**Your task**
Your task is to reproduce exactly the lines from the one containing "Man wearing a" through the last line below, both ends included, and nothing else, with no pictures.

**Exercise data**

============================================================

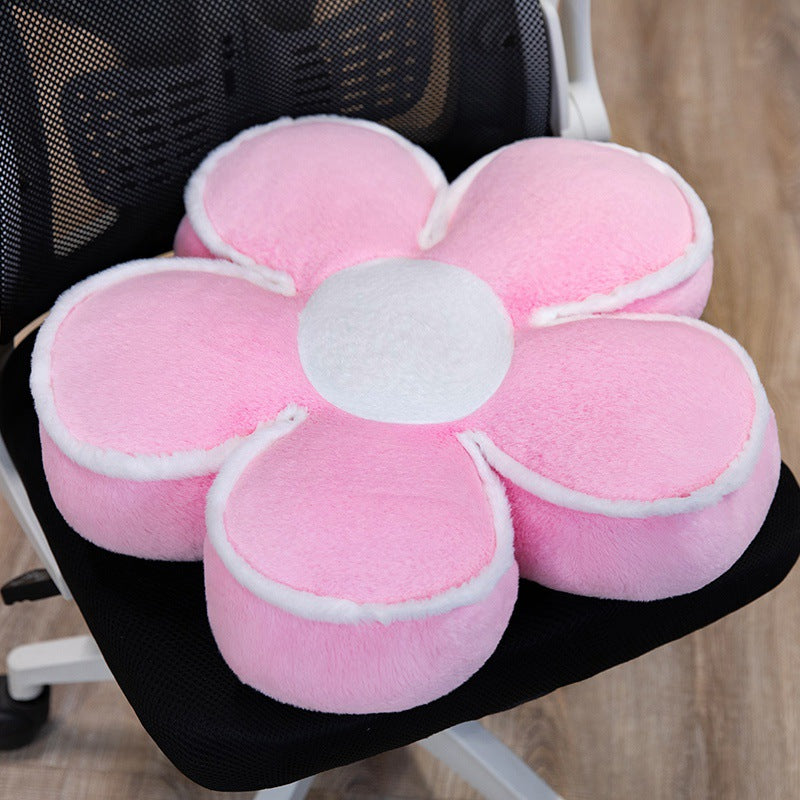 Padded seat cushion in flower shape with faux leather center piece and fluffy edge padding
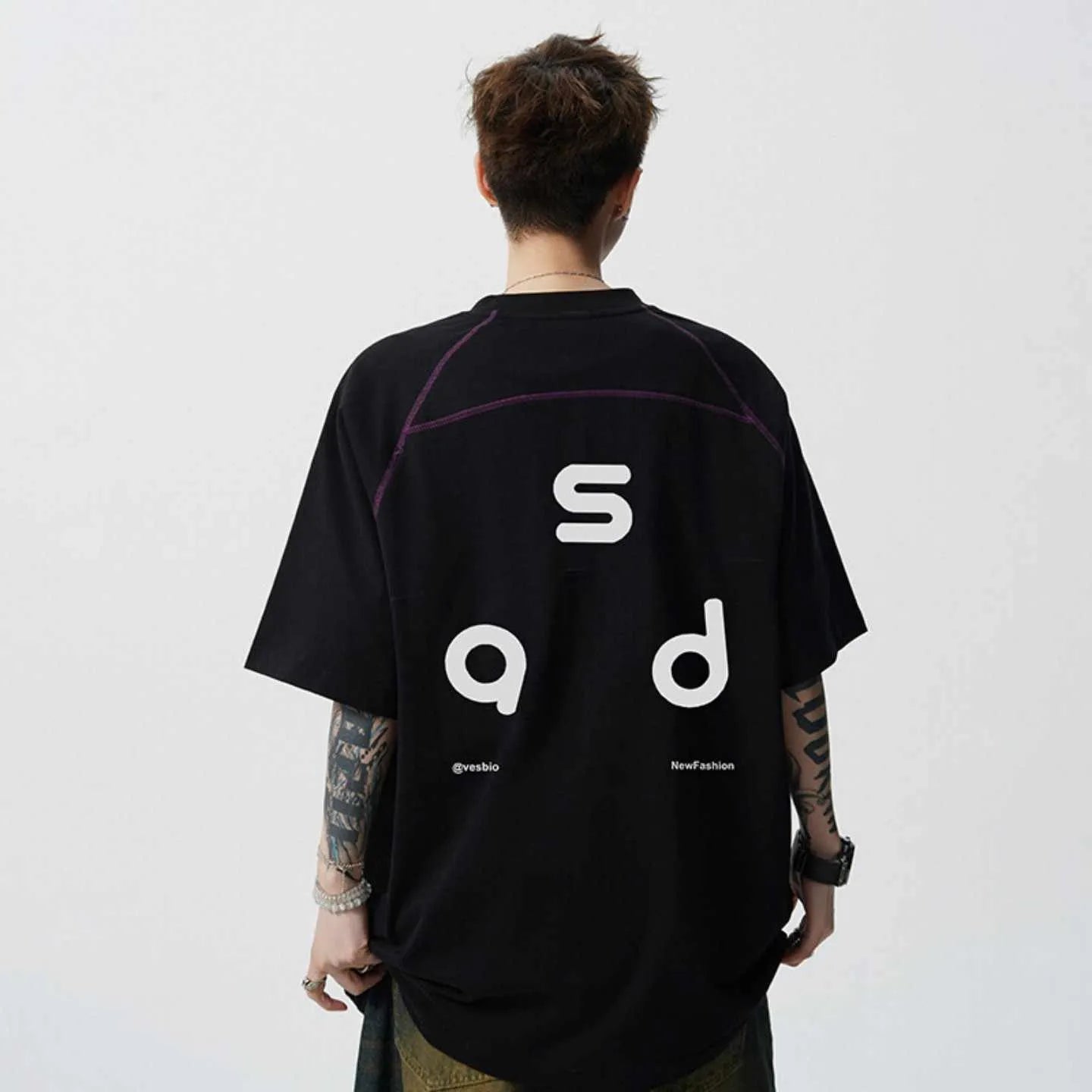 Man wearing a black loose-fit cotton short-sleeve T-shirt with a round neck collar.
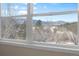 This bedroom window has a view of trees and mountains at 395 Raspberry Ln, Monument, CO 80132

============================================================

**Reply**
 Man wearing a black loose-fit cotton short-sleeve T-shirt with a round neck collar.
 This bedroom window has a view of trees and mountains at 395 Raspberry Ln, Monument, CO 80132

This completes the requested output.